A compact--some would say subcompact--model of the space station that NASA has been trying for seven years to get Congress to approve is on its way to the Hill. An earlier debate over whether the station was too big will now ask whether it is too small.
The answer to the first question was clearly yes, at least for the present state of space technology. Carrying parts of the station into space for assembly would have required nearly as many space shuttle flights as the fleet has flown since 1981. Partly because of the shuttle's limited load capacity, the assembly schedule would have meant starting repairs on parts of the orbiting laboratory before it was even finished.
The answer about the compact version is less clear. The new design is based on advice from many quarters, including that of a White House commission appointed last year to plot NASA's future in space. The panel advised NASA to stop trying to keep so many programs in the air at once and concentrate on doing a few things very well.
Applying that specifically to the space station, the commission said it should be smaller, cost less and be designed for fewer missions.
By trimming the size of the space station, NASA could cut the number of shuttle flights required to lift construction materials into orbit. That, in turn, would reduce crew size--perhaps cutting it by half--and the number of experiments. It is not clear whether the Augustine commission's notion of using the station to study Earth the way unmanned space probes study other planets could survive in a smaller model.

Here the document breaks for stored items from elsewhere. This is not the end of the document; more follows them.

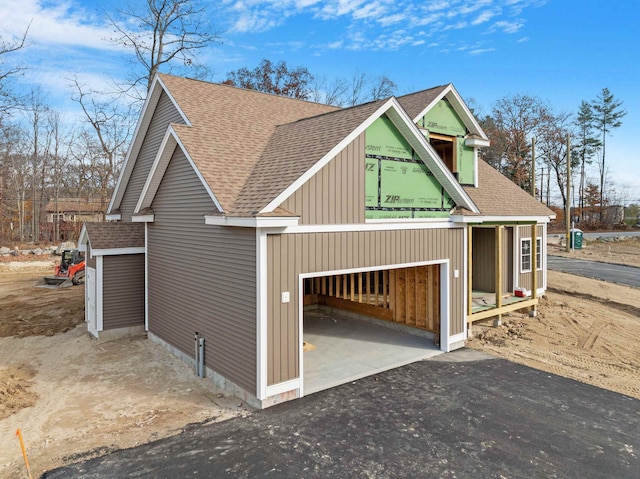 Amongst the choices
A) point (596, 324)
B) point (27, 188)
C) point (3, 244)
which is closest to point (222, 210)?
point (596, 324)

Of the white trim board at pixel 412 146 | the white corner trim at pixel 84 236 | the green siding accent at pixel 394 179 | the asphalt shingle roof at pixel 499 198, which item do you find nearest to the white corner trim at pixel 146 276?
A: the white corner trim at pixel 84 236

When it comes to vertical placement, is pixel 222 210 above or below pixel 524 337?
above

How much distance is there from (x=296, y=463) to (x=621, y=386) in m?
7.00

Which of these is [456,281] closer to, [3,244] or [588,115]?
[3,244]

One mission that might even be the sole survivor would test the effect of weightlessness on human beings for the 18 months or more that it would take to get a manned spacecraft to Mars if it were to leave in a generation or so. The Mars mission has always seemed to us the next logical leap into the unknown for Earthlings. Knowing whether they could survive the leap is essential to further planning for it. Another mission is research on whether perfect crystals could be created free of Earth's gravity or metals forged in ways that cannot be duplicated on Earth.
Some scientists doubt that the smaller station justifies the expense. Congress must ask whether it should commit $2 billion to designs now, with the federal budget so tight. These questions need answers.
There is no pressure to rush. Outer space will beckon for a long time to come. And humans are not likely ever to quell the wanderlust that a dark sky full of stars provokes.